Assuming that the file attached to bug 644189 contains the same information (4000000 rows, 2 columns), Gnumeric seems to handle the data just fine: after loading my machine uses a total of 1.4GB and Gnumeric is still responding fine (well, ctrl-end takes two seconds to get to the end of the data and calculations involving a whole column take a (long) while, but that is expected.)
(In reply to comment #2) > Assuming that the file attached to bug 644189 contains the same information > (4000000 rows, 2 columns), Gnumeric seems to handle the data just fine: after > loading my machine uses a total of 1.4GB and Gnumeric is still responding fine > (well, ctrl-end takes two seconds to get to the end of the data and > calculations involving a whole column take a (long) while, but that is > expected.) It does contain the same information. We tried to get around the dbf import issue by loading into Access 2000, exporting to CSV and reading into Gnumeric. With 2 GB RAM machines we then had the memory error issue.
(In reply to comment #1) > 10 bytes/cell doesn't come close to the amount of data we need per cell. > It's more like 100 bytes/cell. > > But that's still only ~1GB. > > A quick look shows that, on my 64-bit Linux, something happens during > parsing that causes Gnumeric to grow to ~2.4G. After parsing, we drop > down to something like 1.4G. I'm pretty sure it's not too hard to fix > the parsing part. > > However, Gnumeric is not optimized for sheets this size so it isn't a > pleasant experience. We are OK with it not being a pleasant experience! We anticipated that processing would be slow using a spreadsheet, and Gnumeric was the only one (Excel 2010 and OpenOffice were our two alternatives) that could even theoretically accommodate the problem size.
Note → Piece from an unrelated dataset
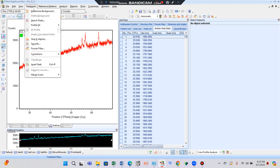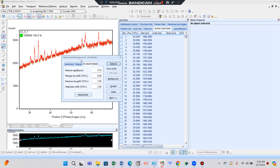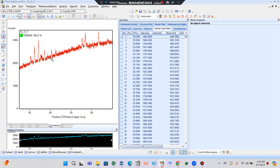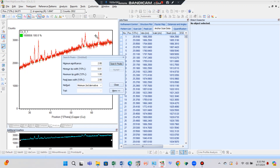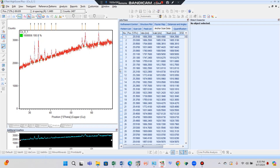Then click Treatment and then click Determine Background. Here we want to accept the background — just click the Accept button. By accepting, you can see a green line is set at the baseline of the graph. Then again click Treatment and then Search Peaks. Search Peaks means you are going to search the peaks. You can see this graph has many peaks, and after searching, all peaks are identified by arrowheads and then accepted.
I've checked in a small change that lowers the memory high water mark to 2G. Memory usage for a 32-bit build will be slightly lower, but since this puts severe constrains on the memory allocator, it's anyone's guess what will happen over on win32. Loading takes 8 minutes. Ctrl-Down, once loaded, takes ~30s. I can't imagine what you want to do with the data that will not drive you crazy.
See also bug 644437. glib is responsible for ~600M.
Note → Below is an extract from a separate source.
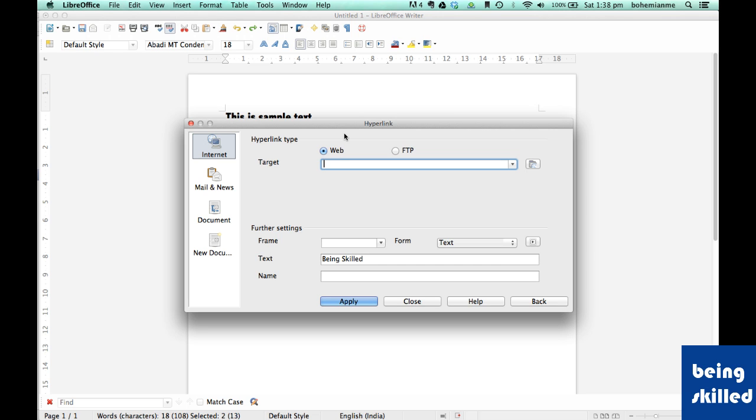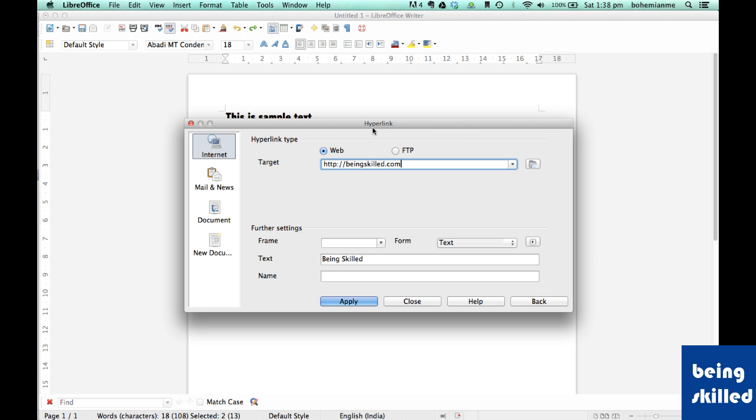In front of target, just type beingskilled.com or any website you want the user or reader to go to. Then click on apply and then close. In front of text we can see being skilled, so being skilled will be the text which will be converted into a hyperlink.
Created attachment 184172 [details] [review] Patch This possible patch creates our own data structure for the cell set.
Created attachment 184223 [details] [review] Updated patch Less bugs. (Possibly a duplicate due to bugzilla issues.)
This problem has been fixed in our software repository. The fix will go into the next software release. Thank you for your bug report. (Fix requires yet-unreleased glib.)